So, you have gone out and bought a journal and a brand new pen to go along with it. You’re now sitting in an overstuffed chair in the back corner of a used bookstore that smells of dust and old leather. You open your journal for the first time and hear the spine cracking as it reluctantly reveals the treasure it’s been successfully protecting until now—the first blank page!
Don’t freak out. Here are some suggestions to help you begin filling up those pages. These suggestions start with what I hope will be very basic information that provides the least amount of intimidation before gradually moving into deeper and deeper levels of self-awareness. Find a level you’re comfortable with and stay there for a while. You don’t have to start out by swimming in the deep end of the pool!
1) Data—Start with simple data; just information like the time, temperature, a description of the room you’re in, the clothes you’re wearing, the events going on in your life, people who are influencing you and so on. I do this on every new entry in my journal. In the upper left corner I write the time, the date, where I am, the temperature outside, and something about the weather. I’m always surprised at how easy it is to go back to those pages years later and be able to remember those exact details! This is great stuff to write when you’re on a trip or vacation, or are doing something out of the norm.
2) Effects of the Data—What is happening because of these activities or events or people? You may keep this at a purely physical level or you may go a little deeper and talk about how these events and people are affecting you personally. Keep it in third person if you want, and talk about how you see other people being affected (good or bad). What types of actions are you or others taking or wanting to take based upon the situation?
3) Questions about the Data—Why is this happening? What did that mean? What should I do? Don’t worry about the answers just yet. Simply keep track of all your questions. Remember, your ultimate growth will be measured by the questions you ask, not the answers you have. This is a deeper level and requires a little more interaction with your surroundings. Archie Bunker, for those of you old enough to remember, never went to this level! He just saw in two dimensions. He would see and he would interpret, and most of his interpretations led him to interpret that everyone else on earth was an idiot!
4) Statements of Value—This is when you begin to engage in the process of discovering why you believe what you believe, when you start digging in to your conclusions and discovering the beliefs leading you to those conclusions. “This is what’s going on. This is how it’s affecting me. It raises these questions in me. And these are my answers and conclusions to those questions. Why am I coming to this conclusion? Are my conclusions appropriate in this situation or for this time in my life?” This discovery isn’t always easy and most of the time will require an objective point of view to help you see it. Left to ourselves, we will continually come to the same conclusions: “Everyone else on earth is an idiot.” You will need a trusted influencer in your life to help you see past your conclusions and into your belief system. (See chapter five for a fuller discussion on the importance of a mentor.)
5) Feelings (Emotions)—This is usually the reason people don’t want to journal to begin with—they don’t want to “get in touch with their feelings.” I was asked that one time by a person who was pushing just a little too hard on me—“Clay, what are you feeling?” they asked. “I’m feeling angry and like I want to punch you!” came my reply. Well remember, this is way down on the list of things to write about in your journal, so don’t let this vulnerable, touchy-feely stuff intimidate you. You don’t have to go here if you aren’t ready.

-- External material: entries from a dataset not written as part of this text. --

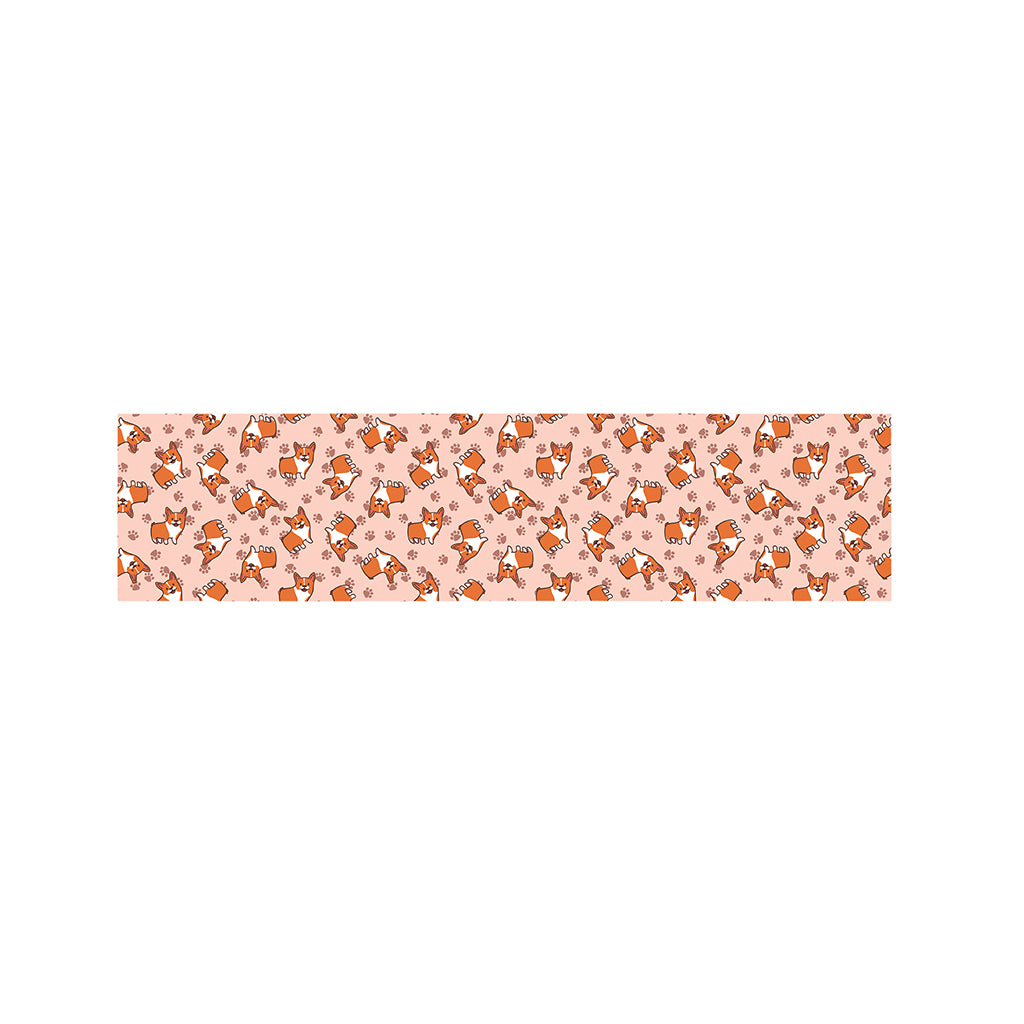 Pembroke Welsh Corgi Pattern Print Bed Runner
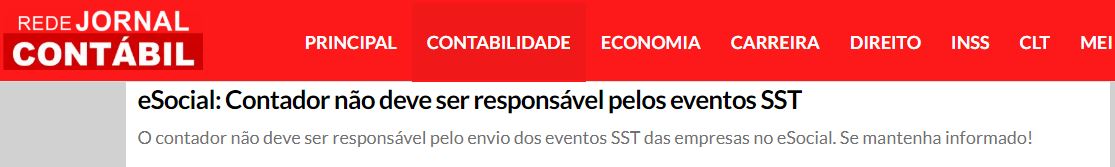eSocial: Contador não deve ser responsável pelos eventos SST
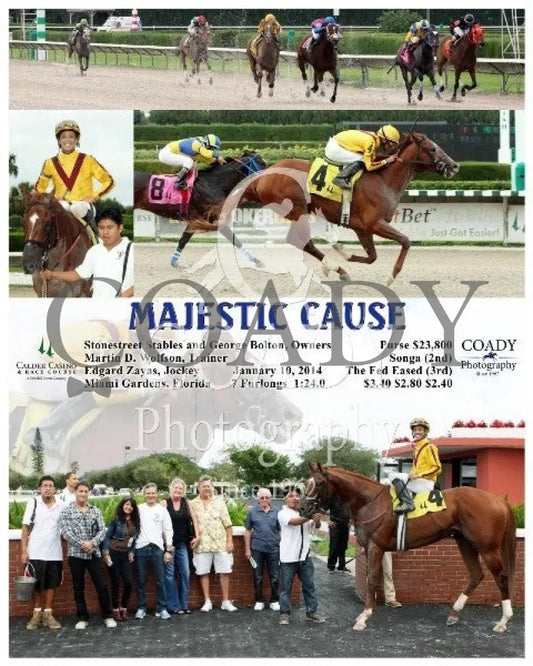 Majestic Cause - 011014 Race 06 Crc Calder Course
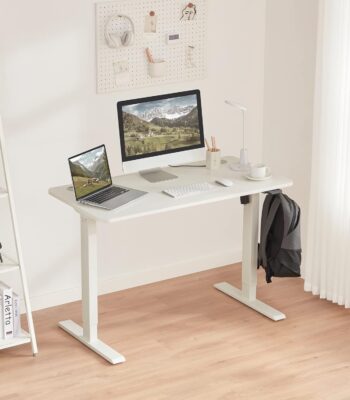 Electric Sit-Stand Desk with motorized height adjustment, memory presets, and a spacious work surface for improved ergonomic support.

6) Thoughts and Fears—This level can take a while to get to, and you’ll definitely want to have a mentor or an influencer in your life help you navigate these deep waters. Most people walking around today are controlled by their fears. It’s not always a bad thing, but it can eventually erode your perspective on life and cause you to come to consistently negative conclusions, which become the engine for all your decisions and actions even towards people you love. How you think is the most important thing about you. Using your journal to dig down to this depth of self-evaluation can truly transform you into a new person—and that person may be the person you have always felt you were, but never could connect to. Few people are able to tap into this level of self-awareness; I have found journaling to be a wonderful tool to aid in the process.
As you move from level 1 to level 6, you may recognize the process of TFBAR! Levels one and two mainly address the external results and actions of yourself and others. Levels three and four move deeper into the beliefs and feelings we act upon. And levels five and six tap in to the very core of who we are… How we think!
Our thoughts will always determine our feelings.
Our feelings shape our beliefs.
Our beliefs motivate our actions.
Our actions produce the results we experience in our lives.
So how you think is the most important thing about you! At it’s very best, journaling helps you get in touch with how you think!